Assignment ▸ Below are the records; repeat exactly their lines between the line holding "Motel & Hotel" and the line holding "Facebook znów ma", inclusive, skipping the pictures.
Top of Working data
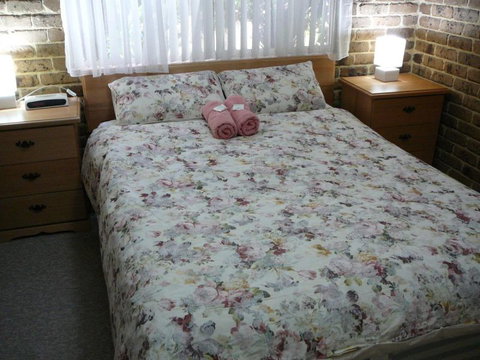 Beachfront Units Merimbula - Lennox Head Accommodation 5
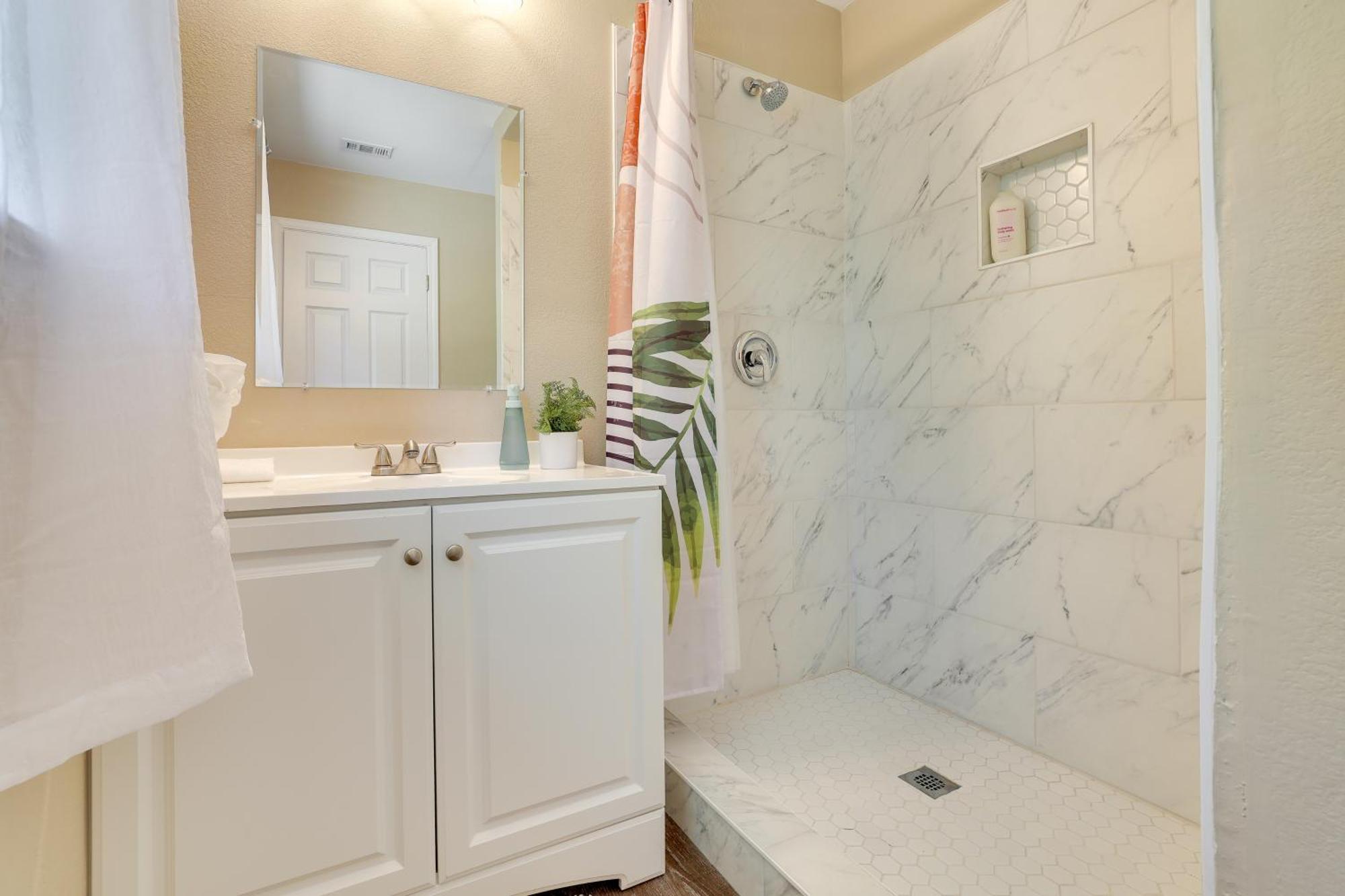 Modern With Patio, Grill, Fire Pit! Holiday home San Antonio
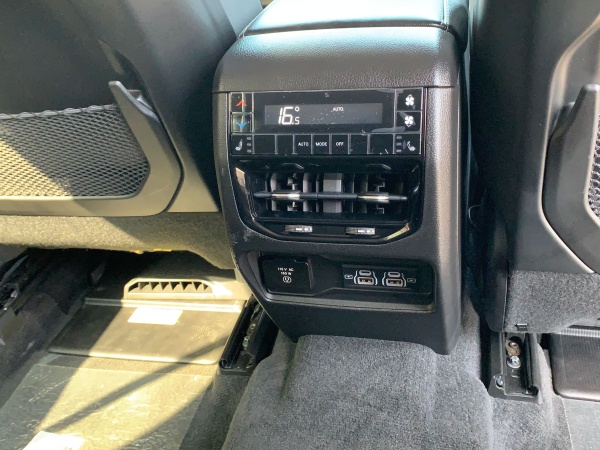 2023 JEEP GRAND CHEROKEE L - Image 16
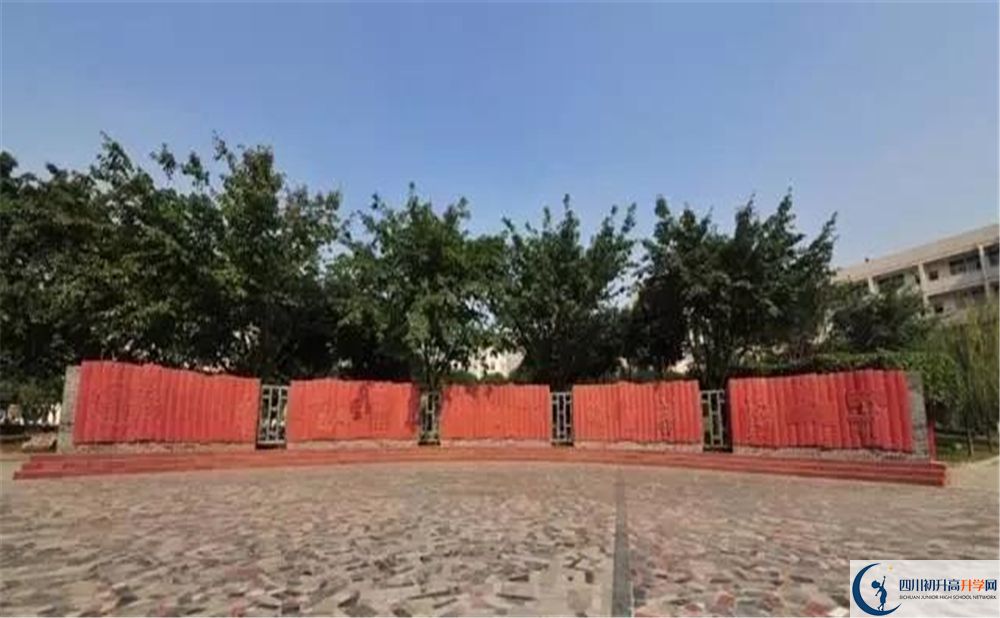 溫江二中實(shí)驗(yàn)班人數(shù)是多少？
Bottom of Working data
Top of Working data
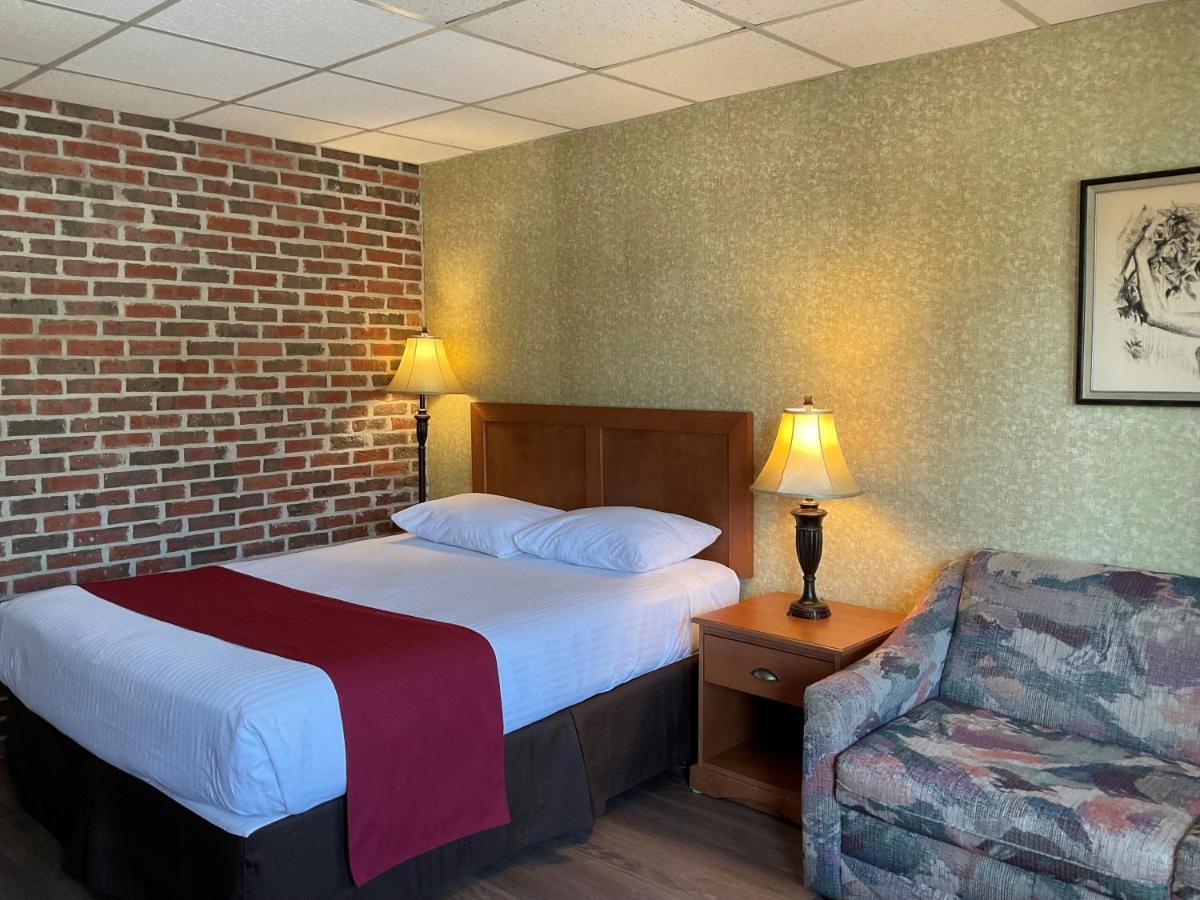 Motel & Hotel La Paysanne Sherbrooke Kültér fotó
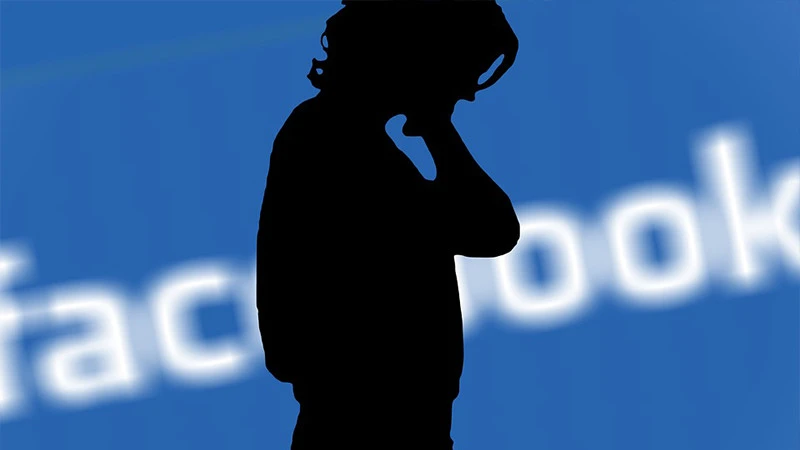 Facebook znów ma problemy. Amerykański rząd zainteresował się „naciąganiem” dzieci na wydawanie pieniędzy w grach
Bottom of Working data
Written response ▸
 Motel & Hotel La Paysanne Sherbrooke Kültér fotó
 Facebook znów ma problemy. Amerykański rząd zainteresował się „naciąganiem” dzieci na wydawanie pieniędzy w grach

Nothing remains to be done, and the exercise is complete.